→ **EXERCISE INSTRUCTIONS**:
From the material below, return exactly the lines starting at the one that holds "Gripwell 63 Amps ECO Kit Kat Fuse" and ending at the one that holds "Terme Olimia - Village Lipa". Pictures stay out of the answer.

→ **RECORDS FOR THIS TASK**:

=-=-=

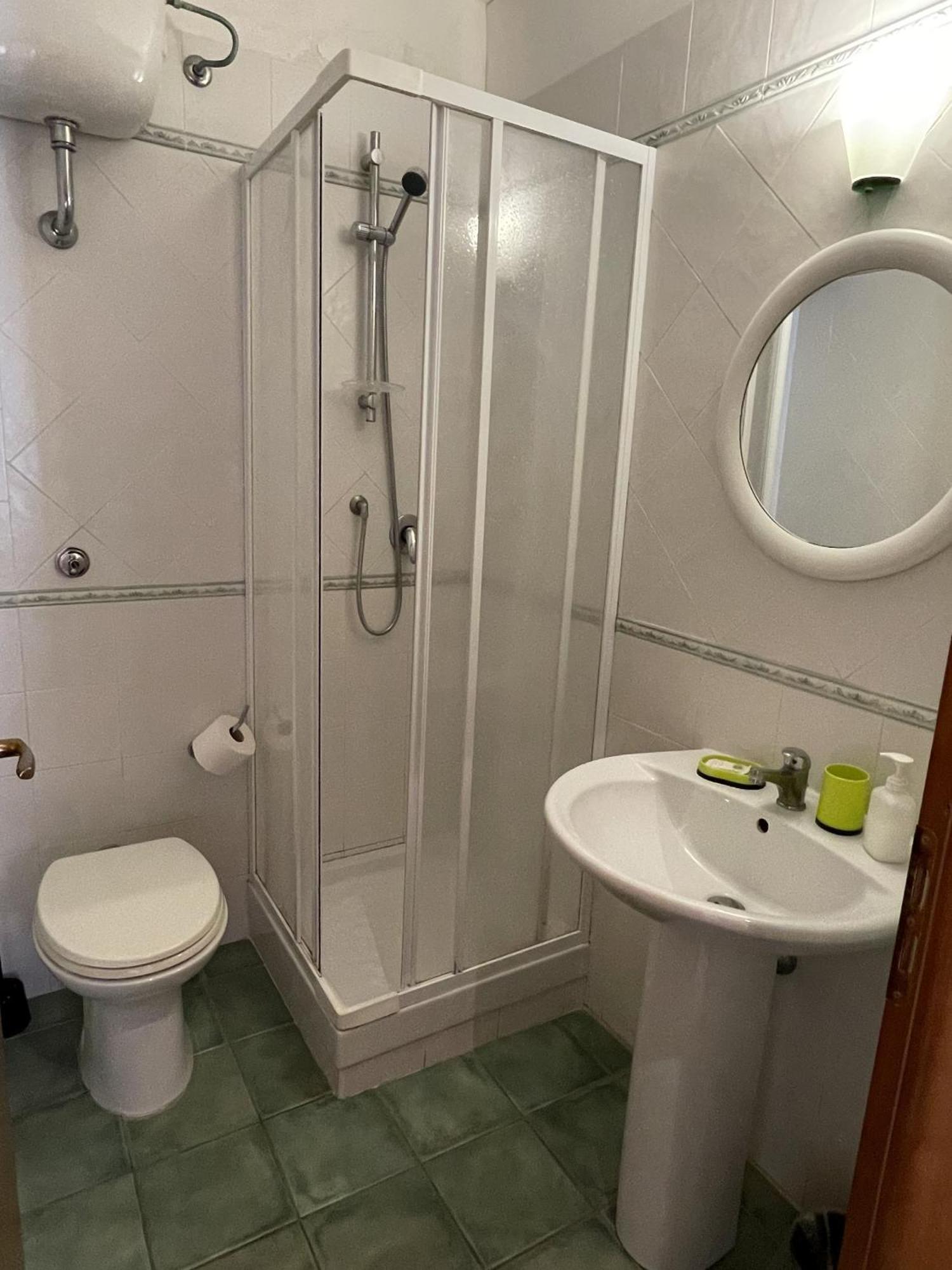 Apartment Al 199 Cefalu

=-=-=

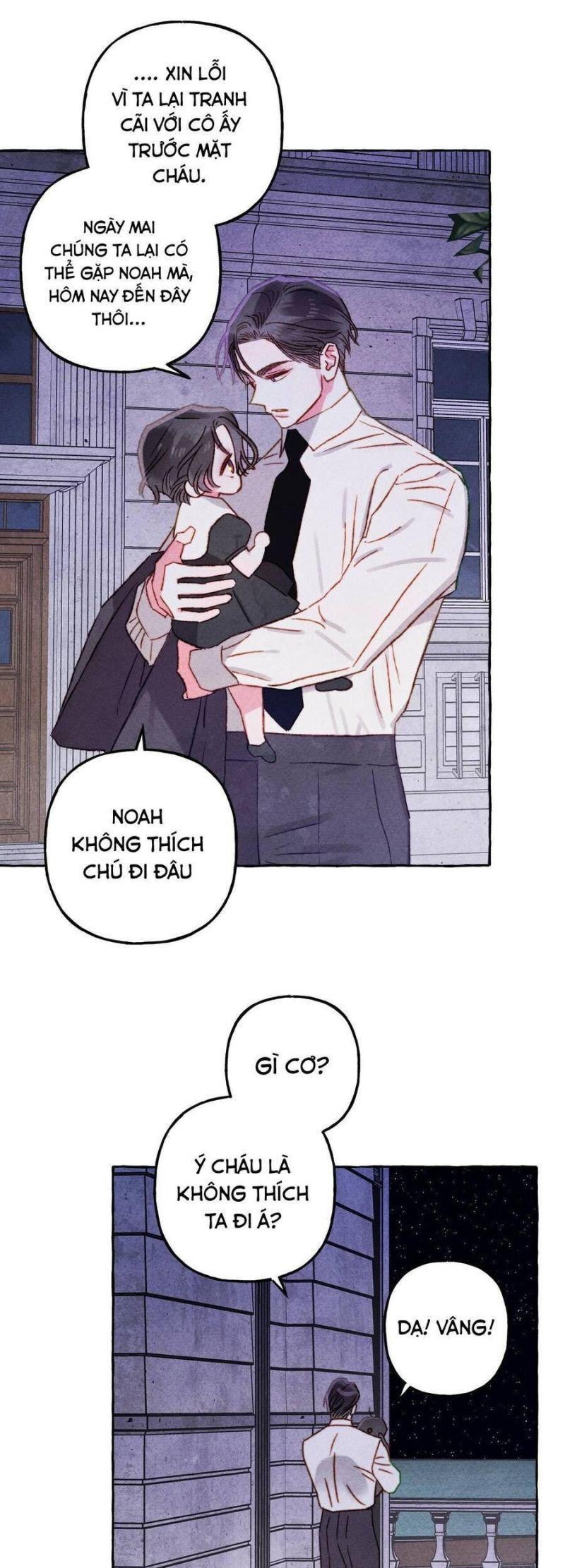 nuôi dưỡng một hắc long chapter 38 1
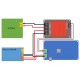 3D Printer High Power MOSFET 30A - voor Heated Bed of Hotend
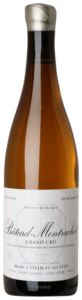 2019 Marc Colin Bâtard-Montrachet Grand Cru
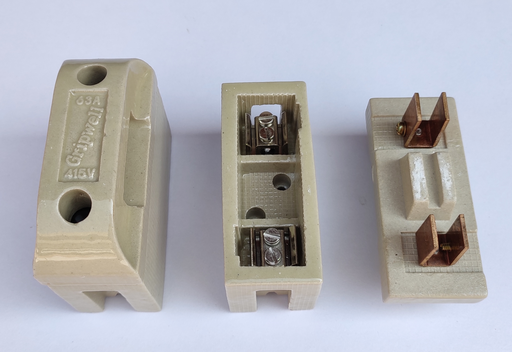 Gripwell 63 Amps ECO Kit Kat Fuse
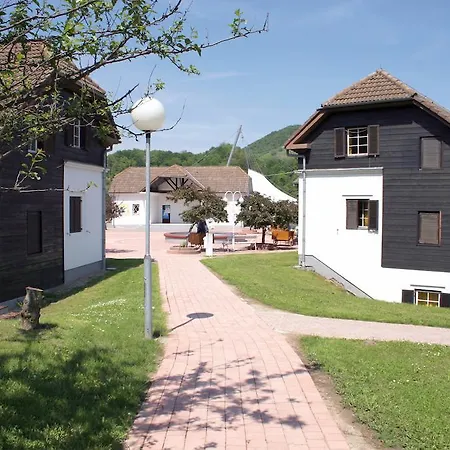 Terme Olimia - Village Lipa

=-=-=

→ **RESPONSE TO THIS EXERCISE**:
 Gripwell 63 Amps ECO Kit Kat Fuse
 Terme Olimia - Village Lipa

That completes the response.